Stolica Iranu jest wielką metropolią o populacji sięgającej od 8 (teren samego miasta), do 14 (aglomeracja) milionów mieszkańców. Jest to relatywnie młode, miejscami nowoczesne, czyli dla mnie całkowicie nieciekawe, miasto.
Z ciekawszych akcentów, to na większości wyższych budynków można znaleźć wielkie propagandowe murale. Do najsłynniejszych należy wielka flaga Stanów Zjednoczonych, gdzie czerwone pasy to ślady krwi po spadających bombach, a gwiazdy są gwiazdami Dawida, opatrzona napisem Down with America oraz wizerunek ściskającego Koran męczennika za kratami - Khalida Islambouli - zabójcy egipskiego prezydenta Anwata Sadata.
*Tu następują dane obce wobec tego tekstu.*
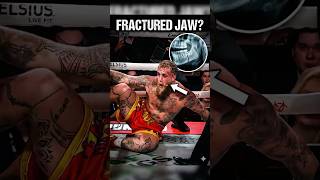 The Trauma Behind the KO | Doctor Explains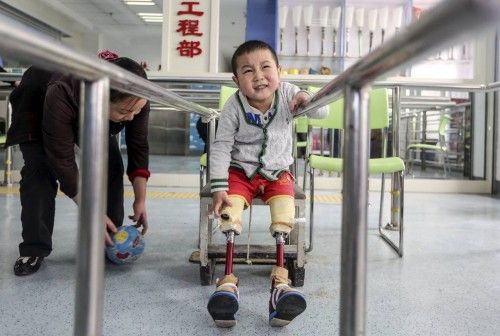 Boy reacts as he practises with his prosthetic legs at a hospital in Wuhan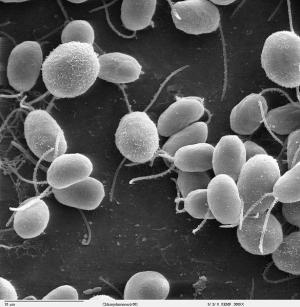 electron microscope image
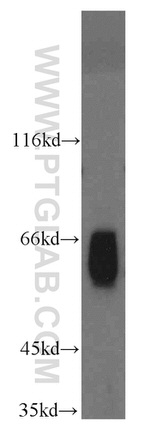 ABI2 Antibody in Western Blot (WB)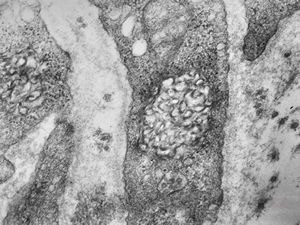 M, 3y. | lipofuscinosis M, 3y. | lipofuscinosis
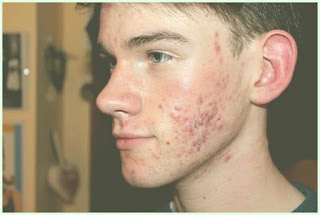 como quitar el acne por estres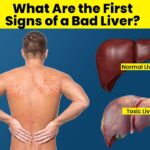 Common Signs Your Liver Might Be In Trouble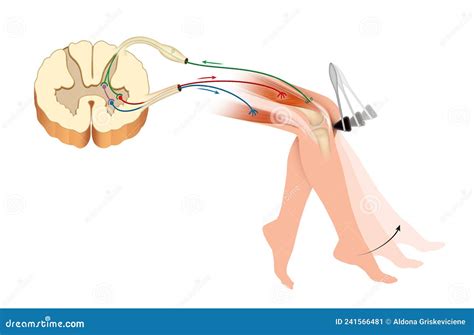 Knee Jerk or Patellar Tendon Reflex Stock Illustration - Illustration of patient, jerk: 241566481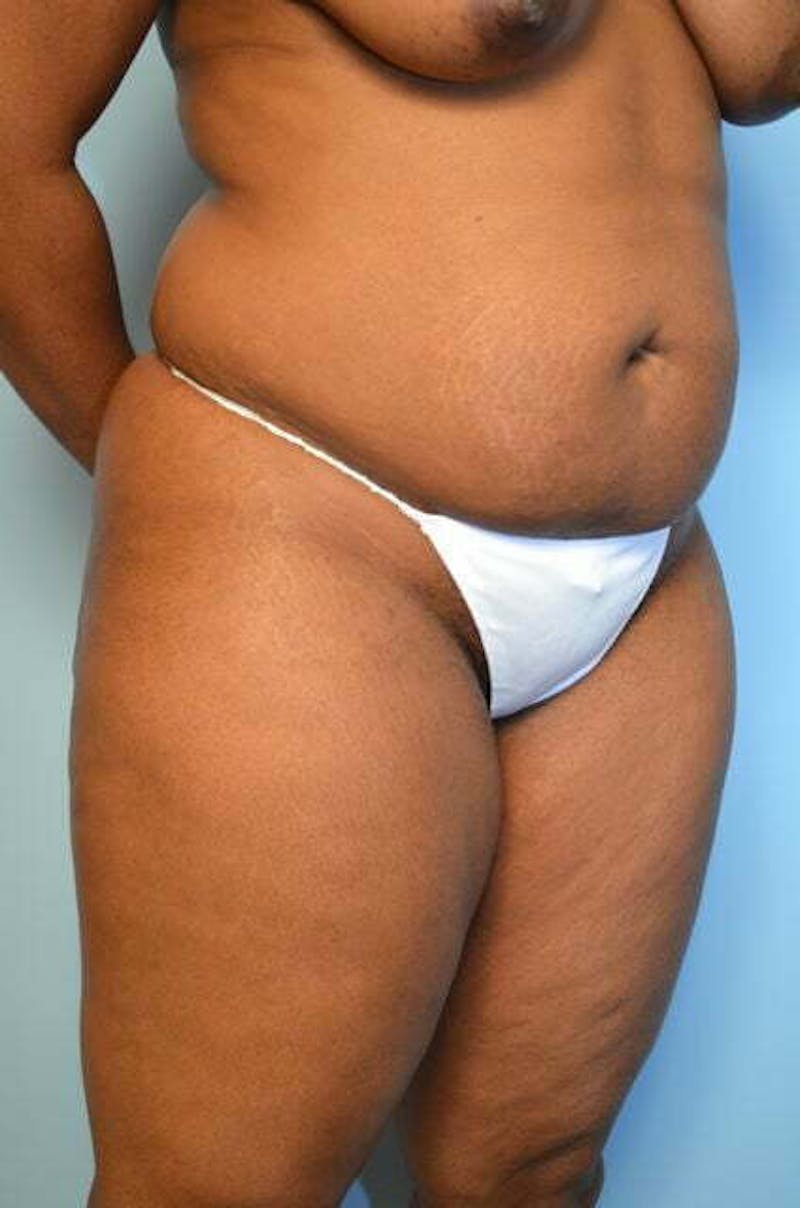 Liposuction Before & After Gallery - Patient 645895 - Image 3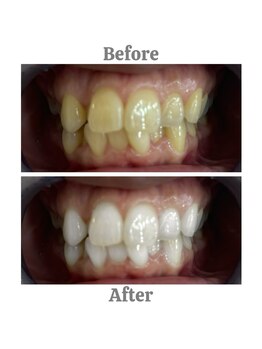 エクシアホワイトニング 相模大野店/ビフォーアフター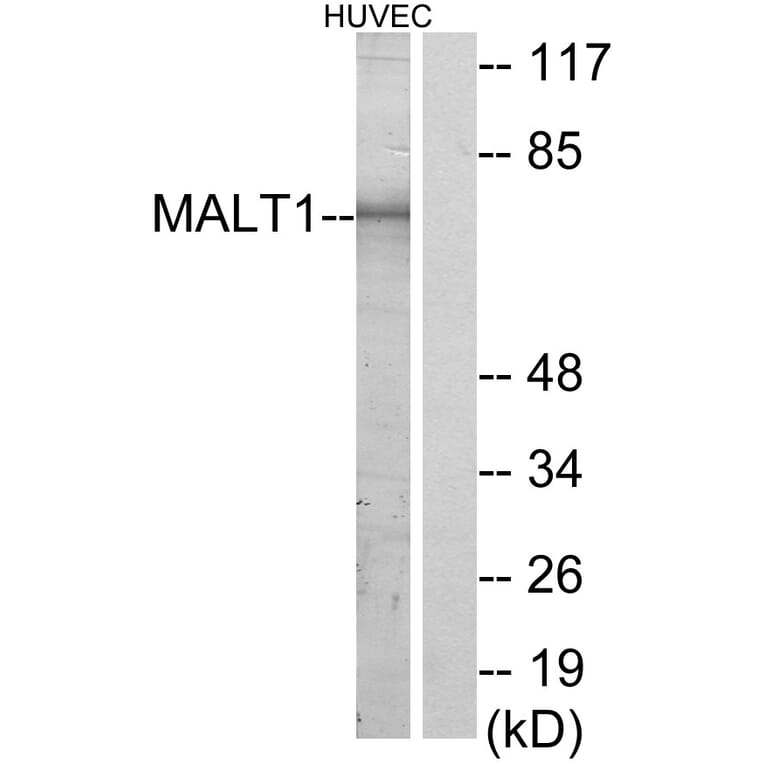 Western Blot - Anti-MALT1 Antibody (C13082) - Antibodies.com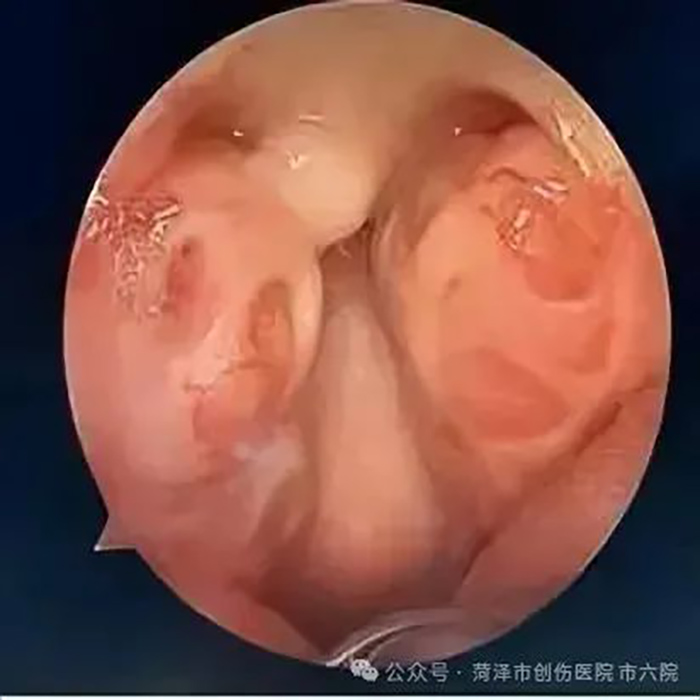 菏泽六院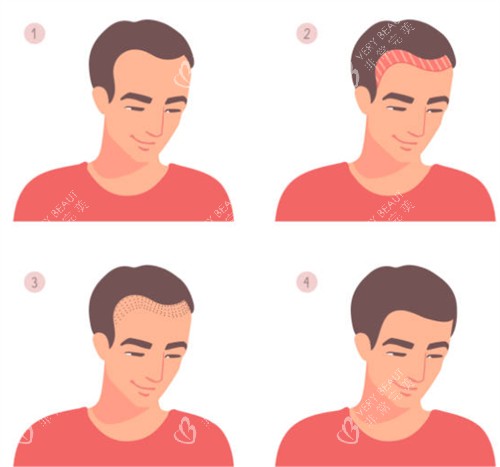 发际线植发前后图解 发际线植发前后图解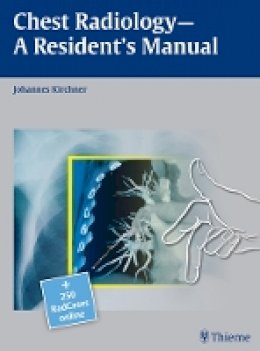 Johannes Kirchner - Chest Radiology: A Resident's Manual - 9783131538710 - V9783131538710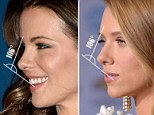 Experts have analysed what makes an ideal nasal and found the tip needs to be slightly upturned - just like the one natural beauty Kate has. Other examples of a perfect nose are those sported by fellow Brit beauty Kate Beckinsale and American actress Jessica Biel.

In a study revealed today scientists found the angle of rotation at the nasal tip should be exactly at 106 degrees to enhance a woman's femininity.

Dr Omar Ahmed, from New York University, said: "To our knowledge this is the first population-based study to attempt to simultaneously determine the ideal NTP - nasal tip projection - and rotation.

"A rotation of 106 degrees was found to be the most aesthetic."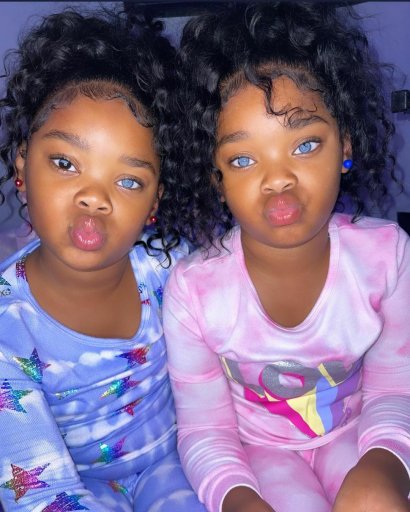 Ta para bliźniaczek jest jedną z 20 najbardziej wyjątkowych na świecie! Wszystko przez ich oczy!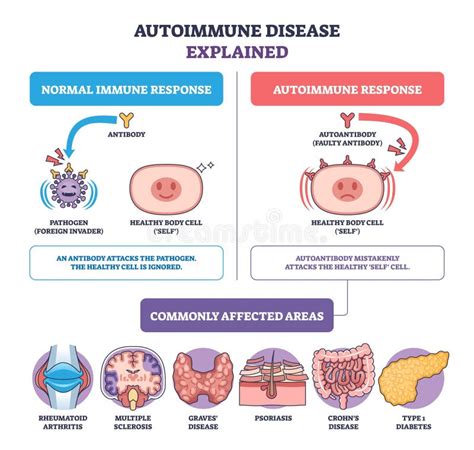Esquema sobre la respuesta autoinmune ante la ingesta de gluten en individuos genéticamente predispuestos (HLA-DQ2/DQ8) y el daño en las vellosidades intestinales.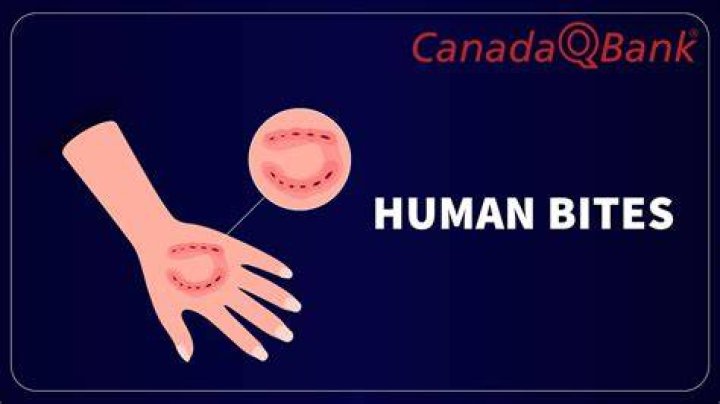 Can humans bite through bone?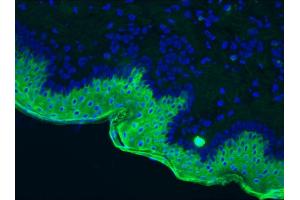 Image no. 2 for anti-Keratin 10 (KRT10) antibody (ABIN335328) (Keratin 10 antibody)
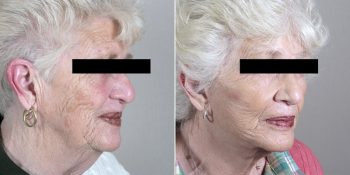 Face Lift Patient 21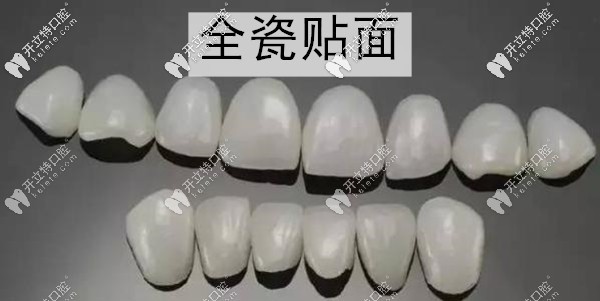 廣州柏德口腔牙齒貼面多少錢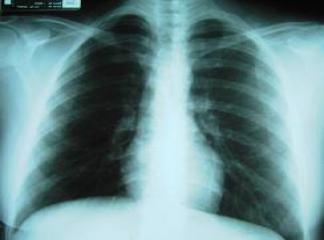 Hastalar Akciğer Grafisi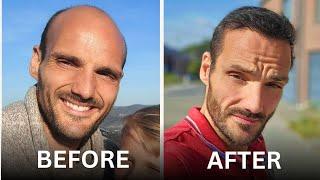 Hair Transplant Results after 1 Year - Hairneva / Dr Go (Istanbul, Turkey) - Ben Heine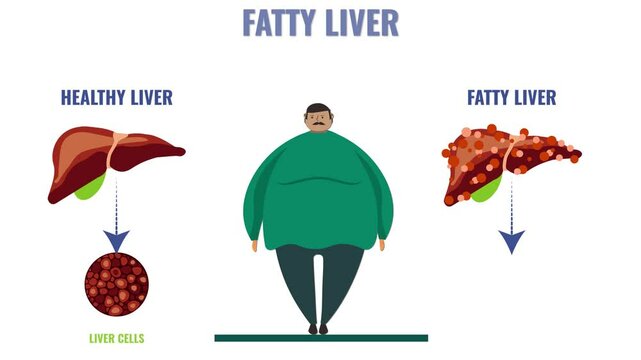 Understanding Fatty Liver Causes Symptoms and Treatment Options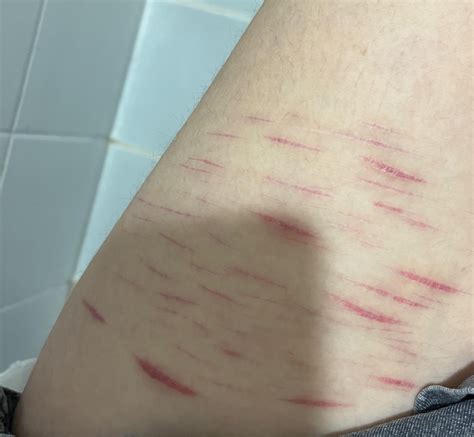 tw sh scars  long     turn white rscars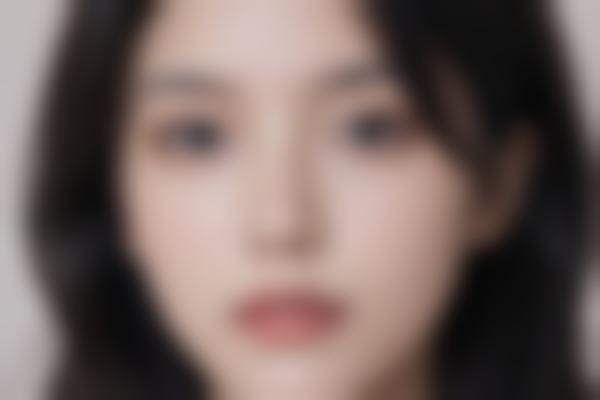 激光美容：科学焕肤的秘密，的现代选择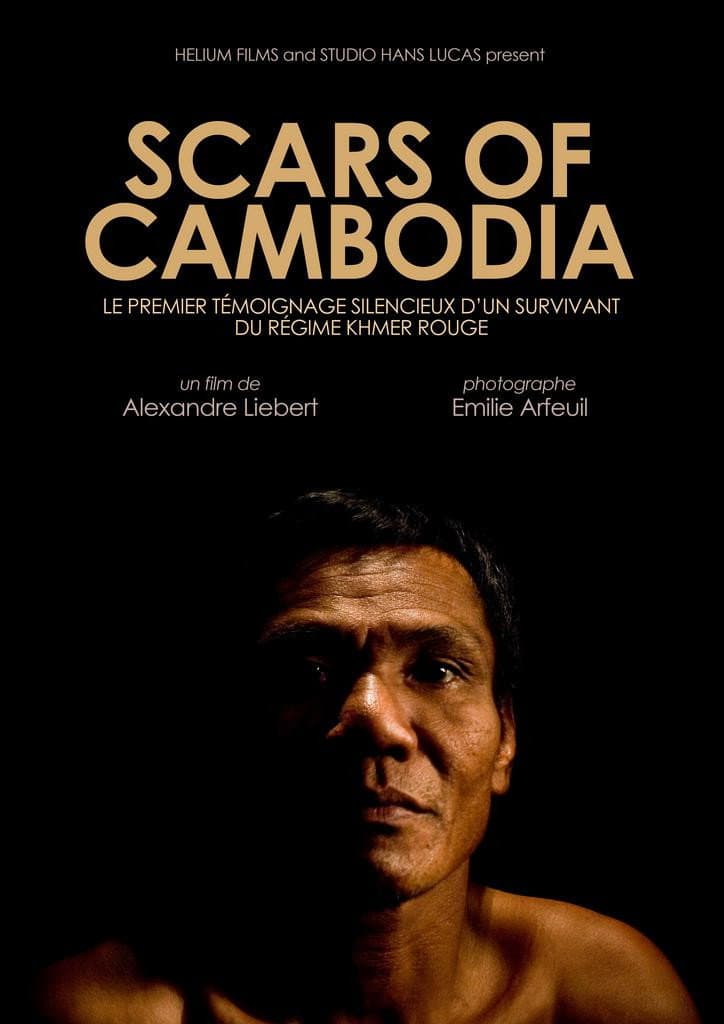 Scars Of Cambodia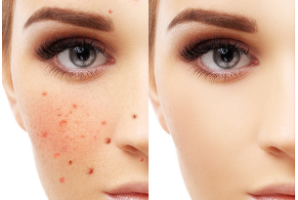 激光祛斑的一般價格是多少？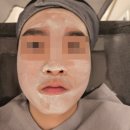 정안사우나 | 천안 불당동 천안 여드름한의원 치료로 깨끗한 피부 만들기 4개월 간의 솔직후기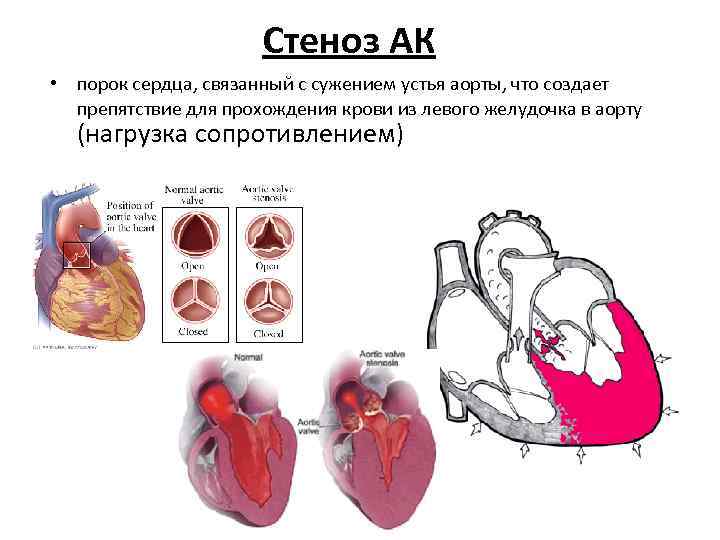 Стеноз АК • порок сердца, связанный с сужением устья аорты, что создает препятствие для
Ciekawe graffitti zdobią również dawny budynek ambasady amerykańskiej (nazywany również "gniazdem szpiegów"), dość znany z porwania jako zakładników jej pracowników w 1979 przez irańskich studentów. Teraz ma tam siedzibę Sepáh, czyli Gwardia Strażników Rewolucji. Z tego względu fotografowanie tego obiektu jest zabronione. Jednak, mimo świadomości surowości irańskiego kodeksu prawnego, postanowiłem zaryzykować.